How Many Cash Advances Can You Get at Once?

The number of cash advances you can get depends on the type: credit card cash advances are limited by your card’s cash advance sublimit and ATM withdrawal caps, while payday loans are restricted by state law, with many states capping you at one or two at a time. There’s no single universal number, so the real answer depends on which product you’re using and where you live.

Credit Card Cash Advance Limits

Every credit card with cash advance access has a sublimit, which is a portion of your total credit line reserved for cash withdrawals. This is typically capped at a percentage of your overall credit limit. If your credit limit is $15,000 and the card caps cash advances at 30%, you can withdraw up to $4,500 total in cash advances. That cap applies to your running balance, not per transaction, so once you’ve hit it you can’t take another advance until you pay some of it down.

On top of the sublimit, you’ll face per-transaction and daily withdrawal limits. ATMs themselves usually cap single withdrawals at $200 to $1,000 depending on the machine and your bank. Your card issuer may impose its own daily limit as well. So even if you have $4,500 available, you might only be able to pull $500 or $1,000 in a single day. Going to a bank teller instead of an ATM sometimes lets you access a larger amount in one visit.

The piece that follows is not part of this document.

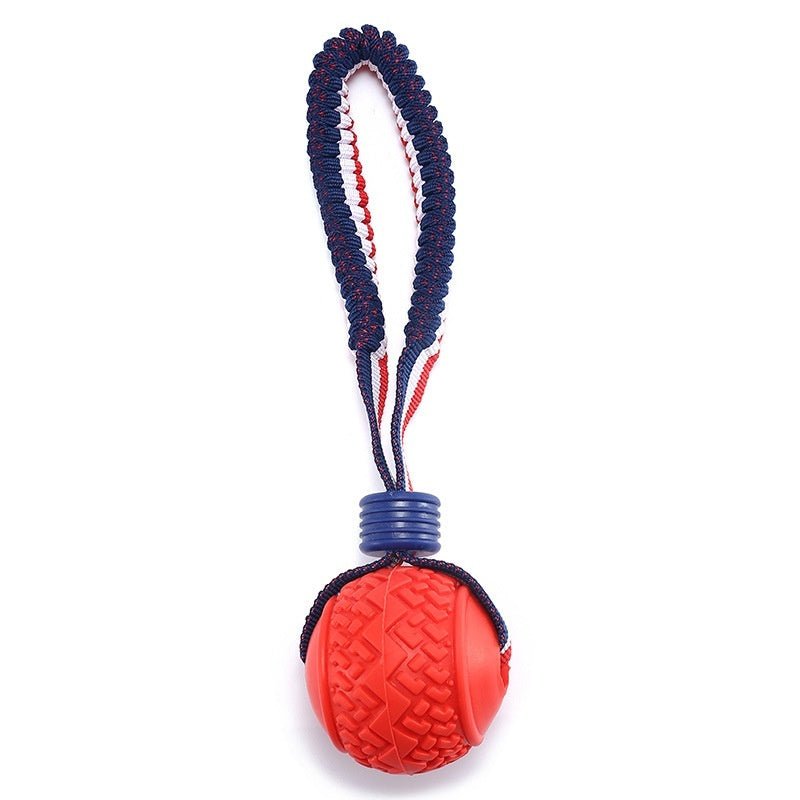 Interactive Dog Toy Ball with Rope Teether - RM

In theory, you could take multiple cash advances across several credit cards if each one offers the feature. Nothing prevents you from using the cash advance on Card A today and Card B tomorrow. But each advance eats into that card’s available credit, and the costs add up fast. Most issuers charge a cash advance fee of 3% to 5% per transaction (with a minimum of $5 to $10), plus an interest rate that’s often 25% to 30% APR with no grace period. Interest starts accruing the moment the cash hits your hands.

How Payday Loan Limits Work

Payday loans, sometimes called cash advances from storefront or online lenders, are regulated at the state level. The number you can have at one time varies dramatically depending on where you live. Roughly a dozen states prohibit payday lending entirely. Among states that allow it, limits generally fall into a few categories.

Many states cap you at one or two loans outstanding at a time. Some allow up to three simultaneously but limit the combined dollar amount, often to $500 or $700. A handful of states set no limit on the number of loans but cap the total dollar amount you can owe across all lenders. And a few states have no cap at all on how many you can hold.

Most states that allow payday loans also cap the maximum amount per loan, typically between $300 and $1,000. Some tie the cap to your income, limiting total payday debt to 25% of your monthly gross pay. Many states also use statewide databases that lenders must check before issuing a new loan, which makes it harder to borrow from multiple lenders simultaneously even if the law technically allows more than one.

Cooling-off periods add another layer. Some states require you to wait 24 hours or longer between paying off one payday loan and taking out another, specifically to prevent the cycle of rolling one loan into the next.

What Repeated Cash Advances Cost You

The fact that you can take multiple cash advances doesn’t mean the cost stays flat. Each one compounds the financial damage in ways that aren’t always obvious upfront.

For credit card cash advances, the biggest hidden cost is the immediate impact on your credit utilization ratio, which is how much of your available credit you’re currently using. Credit scoring models favor utilization below 30%. If you owe $500 on a card with a $1,500 limit, your utilization is about 33%. Take a $300 cash advance on that same card and your balance jumps to $800, pushing utilization above 53%. That alone can drag your credit score down, and the effect multiplies if you’re taking advances on several cards.

Because cash advances carry no grace period, interest piles up from day one. If you take three or four advances over the course of a month without paying them off, you’re paying interest on all of them simultaneously at the card’s highest rate. Payments you make typically get applied to lower-rate balances (like regular purchases) first, so the cash advance balance can linger and compound for months.

For payday loans, the math is even harsher. Fees of $10 to $30 per $100 borrowed translate to annual percentage rates of 300% to 700%. Taking two or three payday loans at once means you’re paying those fees on each one, and if you can’t repay them all by your next paycheck, you may end up rolling them over and paying another round of fees.

Practical Limits Beyond the Rules

Even when there’s no hard legal or policy cap on the number of cash advances you can take, practical limits kick in. Your available credit shrinks with each advance, and lenders can reduce your credit limit or freeze cash advance access if they see a pattern of heavy use. Some credit card issuers flag accounts with frequent cash advances as higher risk, which can lead to a lower credit limit or even account closure at renewal time.

Payday lenders may also decline your application if their database check shows you already have significant outstanding debt, even in states without a strict numerical cap. And because each advance generates fees, interest, or both, the real ceiling for most people isn’t a policy number. It’s the point where the repayment obligations become unmanageable.

If you’re trying to figure out exactly how many cash advances your specific credit card allows, call the number on the back of the card and ask for your cash advance limit and daily ATM withdrawal cap. For payday loans, your state’s financial regulator publishes the rules that licensed lenders must follow, including maximum loan amounts and how many you can hold at once.